How to complete this task »
Once the line containing "We now call" is found in the entries below, restate it and each following line word for word, stopping after the line containing "For duplex, the".

Dataset records »
----
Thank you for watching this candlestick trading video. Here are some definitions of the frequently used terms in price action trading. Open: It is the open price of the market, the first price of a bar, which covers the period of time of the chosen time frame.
----
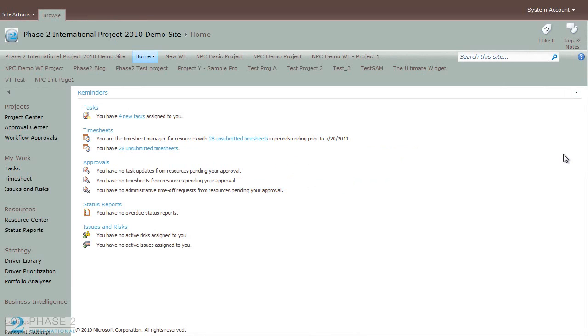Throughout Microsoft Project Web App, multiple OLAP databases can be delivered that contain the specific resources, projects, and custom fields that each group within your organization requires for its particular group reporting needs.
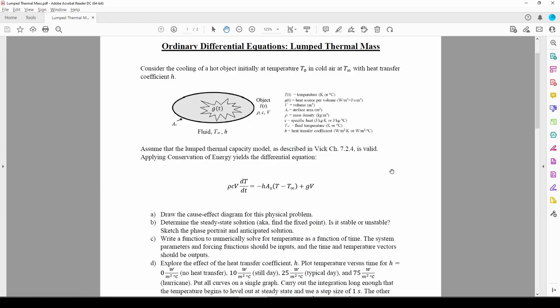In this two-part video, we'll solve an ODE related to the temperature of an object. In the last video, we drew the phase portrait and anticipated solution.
----
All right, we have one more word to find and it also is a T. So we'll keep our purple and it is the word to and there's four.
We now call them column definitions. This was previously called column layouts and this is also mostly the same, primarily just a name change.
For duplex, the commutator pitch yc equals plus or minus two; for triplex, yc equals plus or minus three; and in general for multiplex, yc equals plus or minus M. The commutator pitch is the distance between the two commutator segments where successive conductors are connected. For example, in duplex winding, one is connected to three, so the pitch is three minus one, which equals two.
----
Answer space »
We now call them column definitions. This was previously called column layouts and this is also mostly the same, primarily just a name change.
For duplex, the commutator pitch yc equals plus or minus two; for triplex, yc equals plus or minus three; and in general for multiplex, yc equals plus or minus M. The commutator pitch is the distance between the two commutator segments where successive conductors are connected. For example, in duplex winding, one is connected to three, so the pitch is three minus one, which equals two.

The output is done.